If you read How to Survive Summer in Phoenix as a Mom, you know that learning to make Homemade Mexican Popsicles was on my list of things to do this year. After two attempts, I have honed in on a recipe that my family loves! It has also turned into a fun activity that my little one can get involved in.
What you will need to make Homemade Mexican Popsicles:
- 1.5 cups Almond Milk (I used vanilla unsweetened, but you van use any milk you want)
- ¾ cups mashed fruit of choice
- 1 tsp Vanilla (I used Vanilla Bean Paste, but regular extract is just fine)
- 3 Dates (soaked in hot water)
- 1+ tsp Cinnamon (optional)
- Popsicle molds
- Soak your dates, without the pits, in a small bowl of hot water for about 10 minutes, then drain. This will just help soften them, and make them easier to blend.
- Mash or blend whatever fruit you are using. We used two bananas, minus whatever my two-year-old ate.
- Add all of your ingredients into your blender or bullet blender.
- Blend until smooth and pour into your molds.

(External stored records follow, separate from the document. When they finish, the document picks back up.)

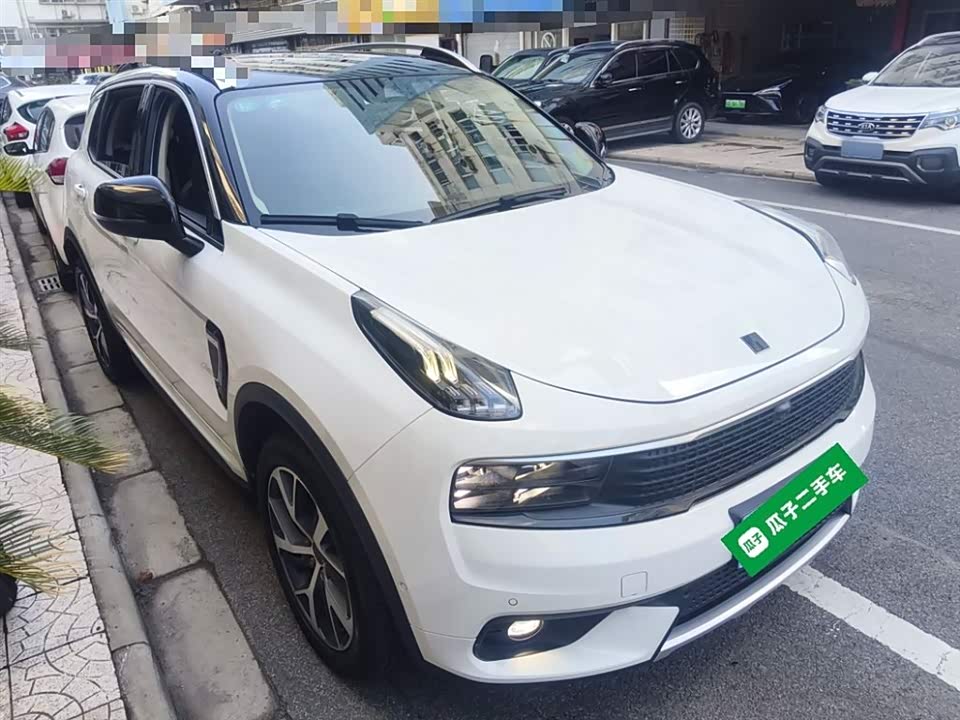 Lynk & Co 01
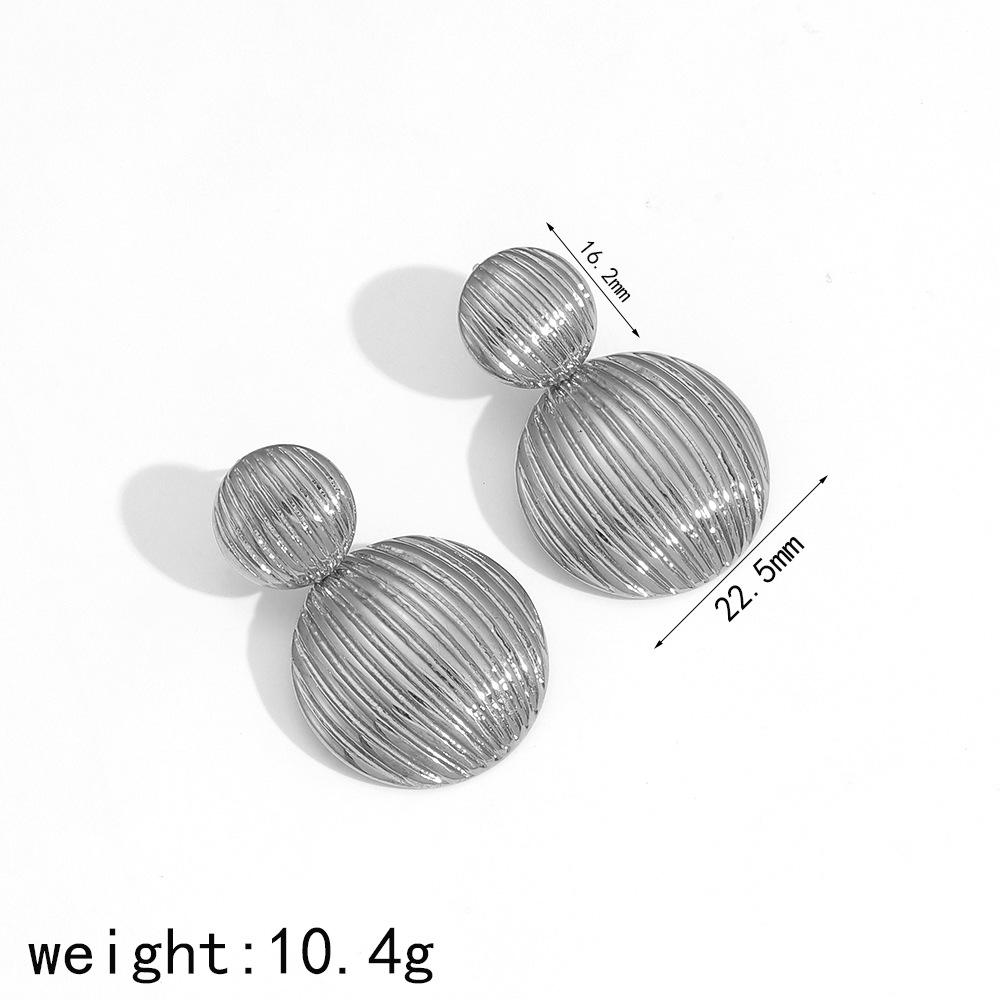 

Geometric Striped 3D Round Titanium-Steel Stud Earrings - European & American Women s 18k Gold Stainless Steel серебряный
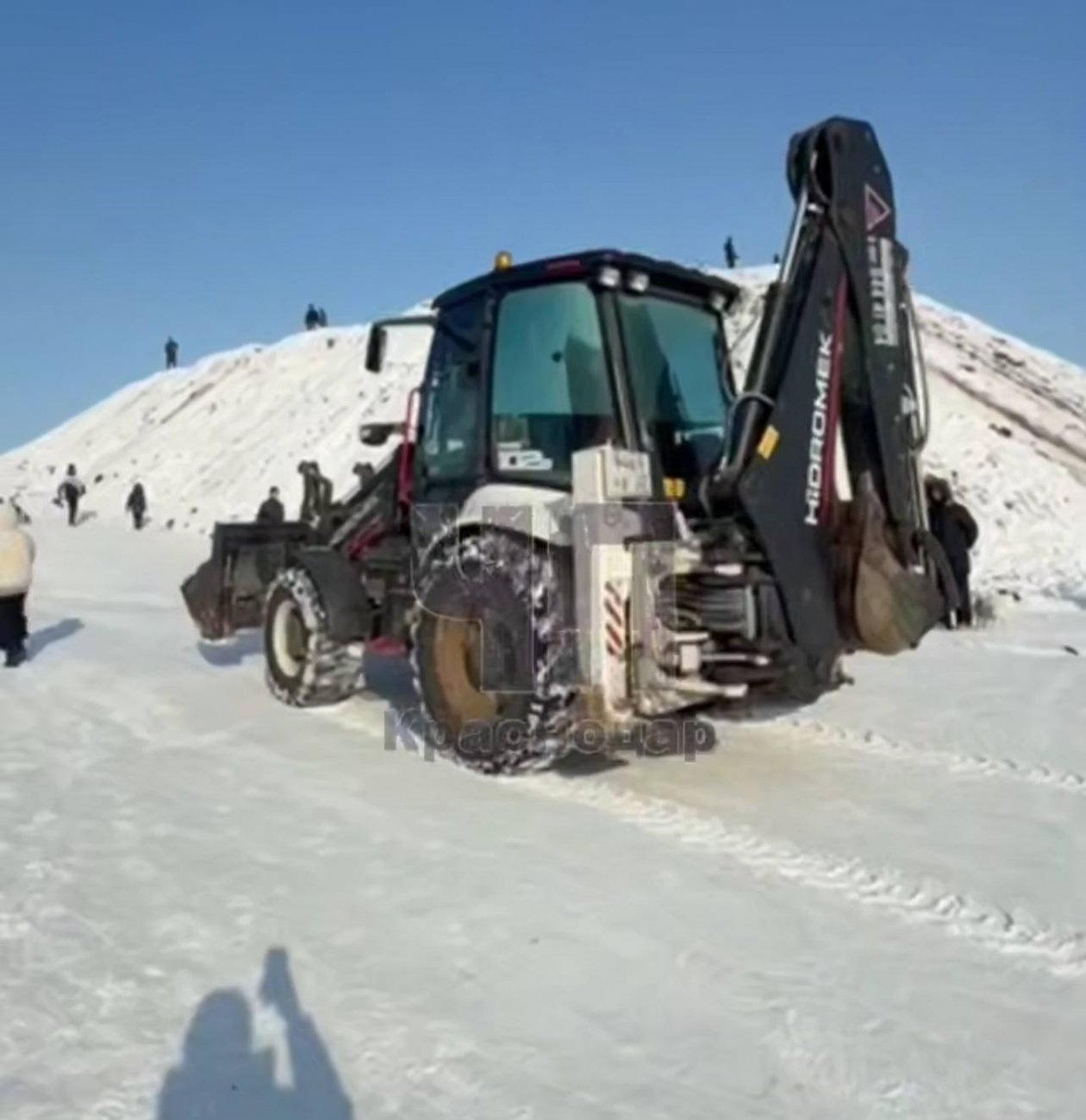 Жители Краснодара устроили скандал с застройщиком из-за снежной горки t.me/chp_krd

- Freeze for a minimum of 3-4 hours.
It’s really that easy! We did end up having enough mix for 8 popsicles, I put the extra in the fridge and refilled as the molds became available. You can customize these to suit your family and easily control the ingredients. These make an easy and healthy snack or after dinner treat for those hot summer days.
More flavor ideas!
- Coconut Milk and Lime
- Mango and Chili (Trader Joe’s has an awesome spice blend for this!)